Copy every line in the listing that contains "Ashland".

====================

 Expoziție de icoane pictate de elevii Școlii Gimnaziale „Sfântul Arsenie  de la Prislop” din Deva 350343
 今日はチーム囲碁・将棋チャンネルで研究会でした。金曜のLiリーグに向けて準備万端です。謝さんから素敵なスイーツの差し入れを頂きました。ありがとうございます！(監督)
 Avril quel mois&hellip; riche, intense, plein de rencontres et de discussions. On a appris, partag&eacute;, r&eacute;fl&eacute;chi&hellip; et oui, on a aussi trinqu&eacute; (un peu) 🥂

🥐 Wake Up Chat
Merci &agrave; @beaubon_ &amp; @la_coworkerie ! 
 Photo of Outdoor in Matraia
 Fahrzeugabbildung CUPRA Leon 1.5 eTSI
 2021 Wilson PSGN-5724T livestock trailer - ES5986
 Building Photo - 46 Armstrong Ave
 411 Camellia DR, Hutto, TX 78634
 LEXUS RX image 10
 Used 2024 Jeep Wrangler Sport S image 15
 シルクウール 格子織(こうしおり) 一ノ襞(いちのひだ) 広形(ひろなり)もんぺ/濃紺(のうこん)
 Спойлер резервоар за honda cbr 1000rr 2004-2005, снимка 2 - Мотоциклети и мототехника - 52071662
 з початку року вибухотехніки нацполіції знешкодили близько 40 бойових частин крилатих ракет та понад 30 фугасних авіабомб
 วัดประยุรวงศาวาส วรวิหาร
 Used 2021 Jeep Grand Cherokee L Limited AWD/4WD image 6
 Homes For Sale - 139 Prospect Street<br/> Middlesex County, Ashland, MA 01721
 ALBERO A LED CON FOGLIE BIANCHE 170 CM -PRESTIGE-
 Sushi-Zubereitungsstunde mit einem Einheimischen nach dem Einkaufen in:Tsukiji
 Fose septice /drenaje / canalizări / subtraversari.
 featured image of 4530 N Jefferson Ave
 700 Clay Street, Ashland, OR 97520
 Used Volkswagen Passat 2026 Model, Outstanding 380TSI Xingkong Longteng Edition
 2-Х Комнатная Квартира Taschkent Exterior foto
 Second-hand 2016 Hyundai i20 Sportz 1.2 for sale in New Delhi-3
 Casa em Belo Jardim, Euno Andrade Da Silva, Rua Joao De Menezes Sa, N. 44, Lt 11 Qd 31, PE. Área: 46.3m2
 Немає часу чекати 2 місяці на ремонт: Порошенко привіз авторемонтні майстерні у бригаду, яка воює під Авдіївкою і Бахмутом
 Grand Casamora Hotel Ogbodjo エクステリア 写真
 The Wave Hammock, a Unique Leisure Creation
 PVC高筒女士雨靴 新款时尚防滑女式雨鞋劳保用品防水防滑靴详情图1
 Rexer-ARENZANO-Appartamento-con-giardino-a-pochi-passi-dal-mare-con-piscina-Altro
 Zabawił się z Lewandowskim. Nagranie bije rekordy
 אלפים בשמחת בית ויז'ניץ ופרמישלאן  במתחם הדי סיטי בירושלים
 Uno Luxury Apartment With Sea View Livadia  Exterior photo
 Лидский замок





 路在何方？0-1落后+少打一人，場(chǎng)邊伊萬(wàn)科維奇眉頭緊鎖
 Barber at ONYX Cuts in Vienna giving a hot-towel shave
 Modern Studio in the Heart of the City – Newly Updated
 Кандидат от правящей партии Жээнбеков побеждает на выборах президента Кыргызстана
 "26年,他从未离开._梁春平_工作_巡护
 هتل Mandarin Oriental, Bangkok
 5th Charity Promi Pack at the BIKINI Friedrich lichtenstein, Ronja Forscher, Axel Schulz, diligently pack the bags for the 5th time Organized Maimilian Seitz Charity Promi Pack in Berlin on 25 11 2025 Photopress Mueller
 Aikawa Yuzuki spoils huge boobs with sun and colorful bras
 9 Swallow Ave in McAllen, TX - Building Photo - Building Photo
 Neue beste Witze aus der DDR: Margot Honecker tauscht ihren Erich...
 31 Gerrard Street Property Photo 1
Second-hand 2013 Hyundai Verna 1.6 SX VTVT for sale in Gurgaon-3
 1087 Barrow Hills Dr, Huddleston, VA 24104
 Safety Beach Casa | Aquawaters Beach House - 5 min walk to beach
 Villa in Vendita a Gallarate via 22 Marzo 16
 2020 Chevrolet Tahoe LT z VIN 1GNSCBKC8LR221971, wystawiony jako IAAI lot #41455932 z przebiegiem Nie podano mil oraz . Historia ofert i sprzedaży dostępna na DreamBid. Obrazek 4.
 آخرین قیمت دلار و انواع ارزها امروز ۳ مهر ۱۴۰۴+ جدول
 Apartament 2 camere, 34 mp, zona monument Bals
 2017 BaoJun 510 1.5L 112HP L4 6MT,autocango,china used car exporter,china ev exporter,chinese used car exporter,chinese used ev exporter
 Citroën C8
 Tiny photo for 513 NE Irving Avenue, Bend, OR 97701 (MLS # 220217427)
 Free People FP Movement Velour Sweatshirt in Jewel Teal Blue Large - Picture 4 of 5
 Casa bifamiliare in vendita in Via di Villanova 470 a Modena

====================

- _Answer to this exercise_:
 Homes For Sale - 139 Prospect Street<br/> Middlesex County, Ashland, MA 01721
 700 Clay Street, Ashland, OR 97520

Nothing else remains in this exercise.